In the last few years, four of the longest established churches in Greenville have looked to their physical plants, raising new spires on their aging buildings.
St. James Episcopal Church is the most recent to take on the task of rehabbing a large structure to secure its future. First Baptist, First Presbyterian and St. Joseph Catholic Church have all had recent steeple and roof work completed.
The scaffolding on the three steeples on the south end of the building isn’t the only part of the recently started project.
A previous roof installation produced several problems for the church and the membership decided to repair those items.
After a drone survey with the assistance of a Jackson-based roofing company that showed weather damage, the church’s insurance company allowed the work to proceed.
According to The Very Rev. Brandt Dick, rector at St. James, the project entails more than just roof repair.
“We’ve replaced all of the shingles on the parish hall, the office section, and the church proper. We are using copper for the steeples because they are so difficult to re-shingle, so we never wanted to have to worry about it again,” Dick said. “There were also several small stained-glass windows in the central steeple that we are having cleaned and re-leaded. We had already had all of the other windows in the nave refurbished. We are also replacing the wooden doors; the current ones are showing their age.”
While the state of the roof was in decline, it was less a catastrophe than a constant headache.
“For the most part, the leaks have been more annoying than anything,” Dick said. “We did have one rainstorm that caused water to get into our organ loft. That took quite a bit of work to repair. We also had to replace the ceiling in the chancel area (where the choir, organ, and altar are) after a section fell in right at the beginning of the quarantine last year.”
Though the church was the beneficiary of insurance dollars, it also took funding from the church itself.
“Thanks to the good stewardship of our finance committee over the years, our capital fund had sufficient money in it to supplement the insurance so we are able to take care of the property that we have been entrusted with,” Dick said. “Putting off the needed work or only partially addressing it would only leave more for those who come after us to do. Right now, we are at a point where we can do the work and free future generations from worry.”

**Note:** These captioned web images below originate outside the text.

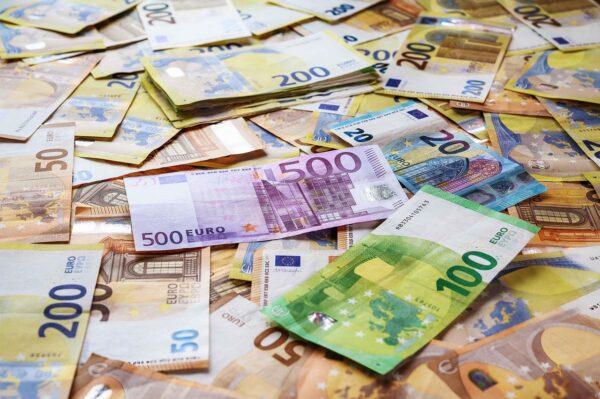 banknotes-7850299 1280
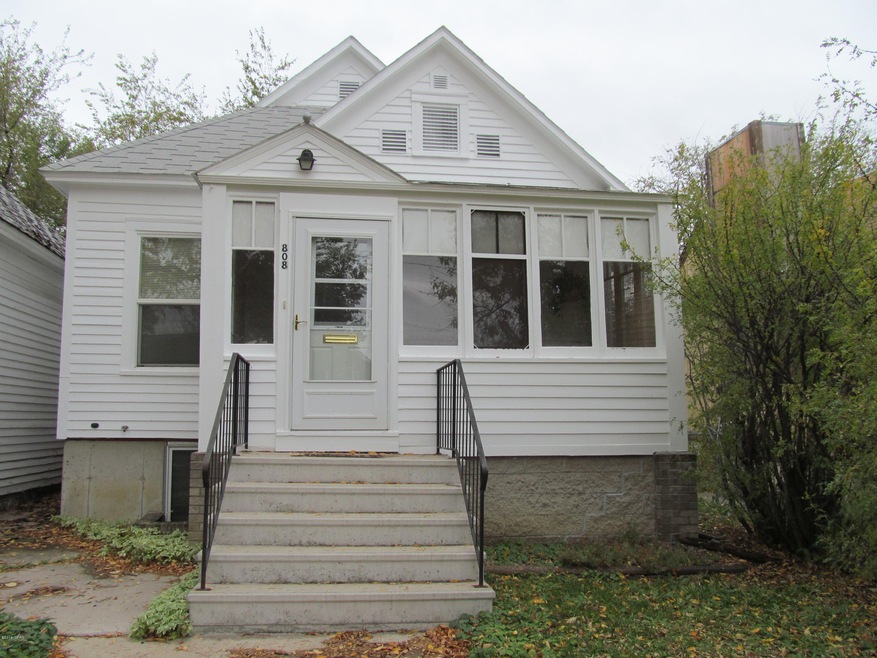 808 2ND AV SO 015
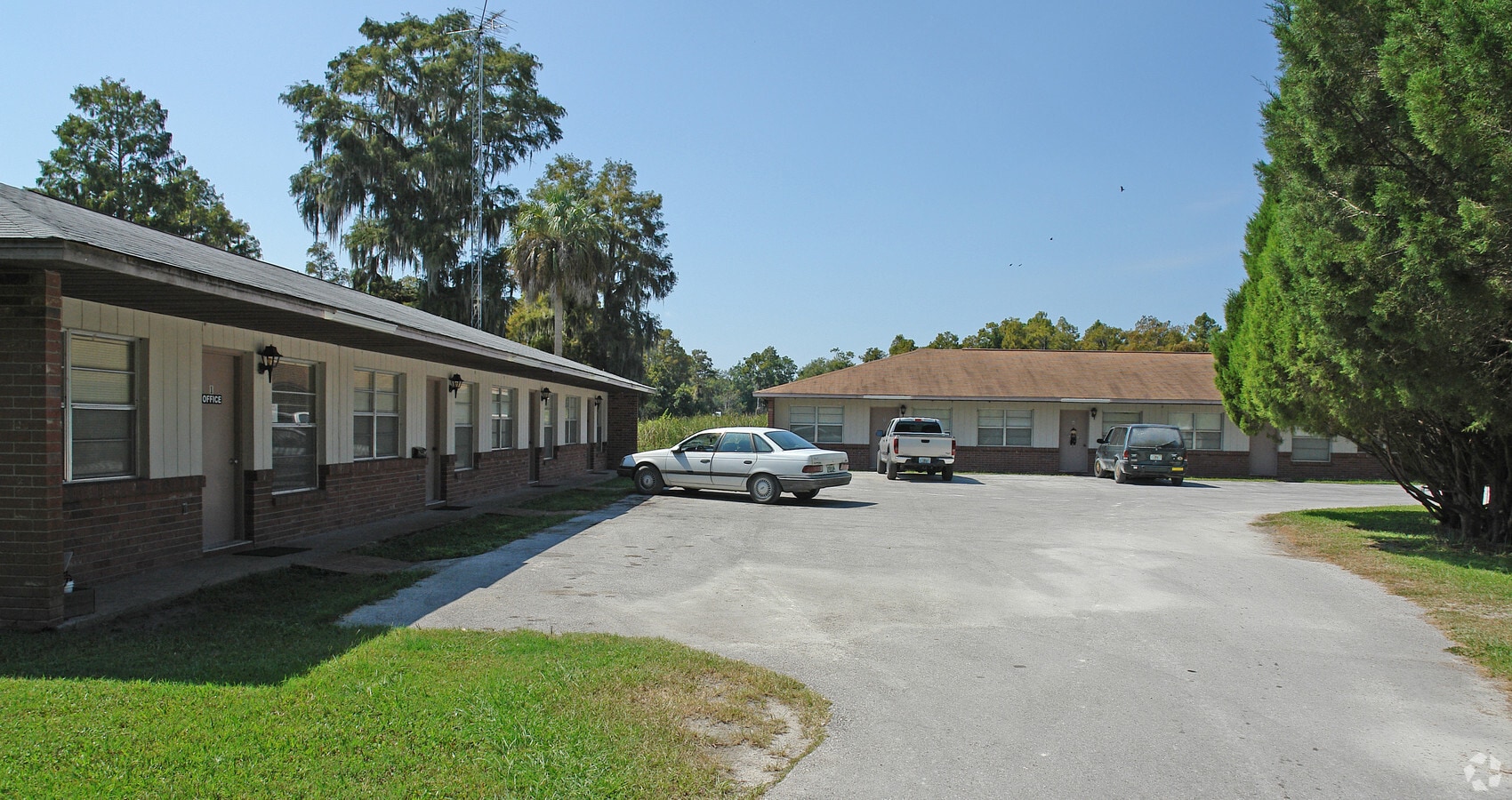 Lake Rousseau Apartments - Lake Rousseau Apartments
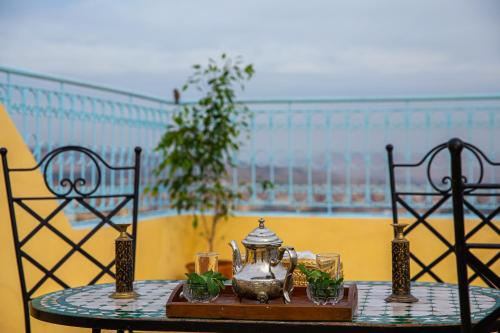 uma mesa com uma chaleira de chá em cima em Dar Arinas Fez em Fez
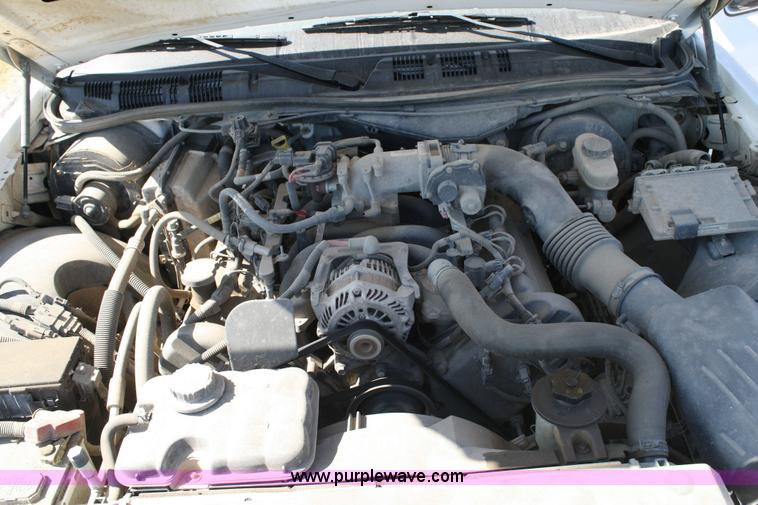 image for item 6411 2006 Ford Crown Victoria Police Interceptor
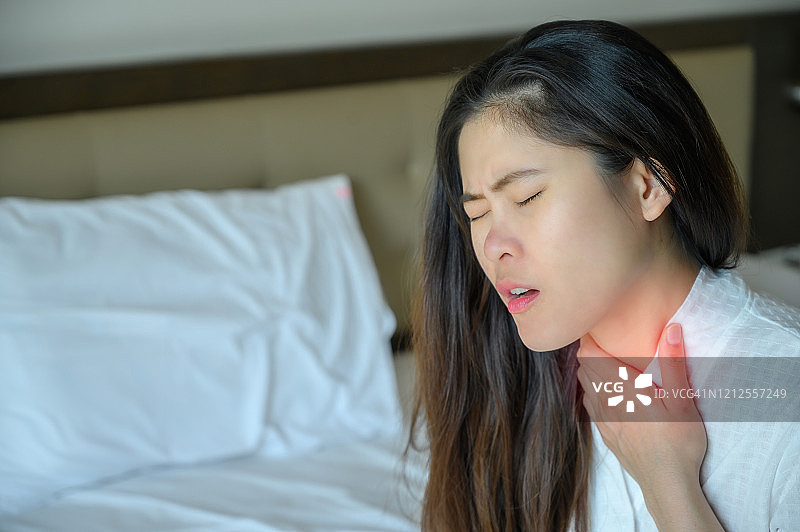 女人有喉咙痛或喉咙痛的特写。图片素材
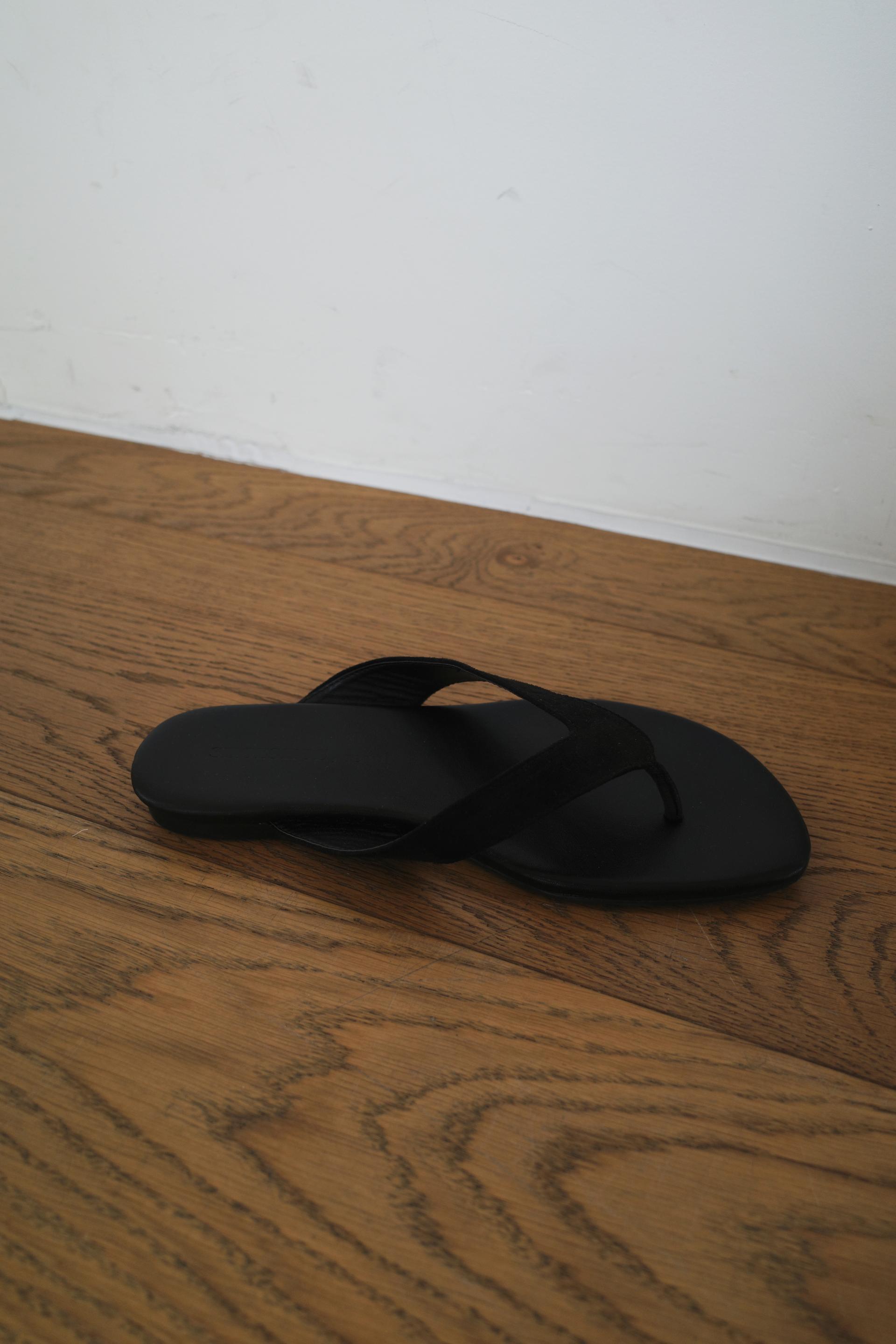 Suede flip flop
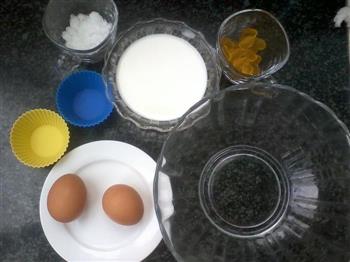 美味简易焦糖鸡蛋牛奶布丁的做法步骤1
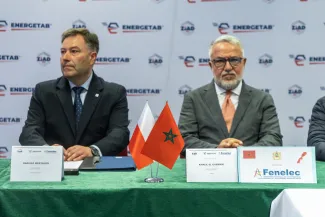 na zdjęciu osoby podczas podpisania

While funds spent on the restoration work may not be directly spent on community care, the building is part of the church’s mission.
“We don’t own the buildings. They have been entrusted to us for future generations,” Dick said. “We need to do what we can to preserve them. While I understand the discussion about ‘Why spend money on buildings when we could spend it on people?’ I think there is justification for making beautiful church buildings.”
The buildings are more than just pretty structures.
“Churches are consulates for the kingdom of heaven,” Dick said. “A church building is sacramental in that it points to the greater glory of God. Not every church needs a beautiful building or even a building — the church is the people, after all — but if a church already has one, built by those who came before, there is a justification for good stewardship.”
While the church building is not the church, buildings of all kinds can be differently important to the congregants.
“The essence of the Episcopal Church is that folks can do church in different ways,” Dick said. “Some folks feel closer to God meeting in a rented space. Others prefer cathedrals. Some people like praise bands and smoke machines at the services; others, organs and incense. What is important is not how we worship, but who we worship. In our case, we don’t have to make a choice between people and buildings.”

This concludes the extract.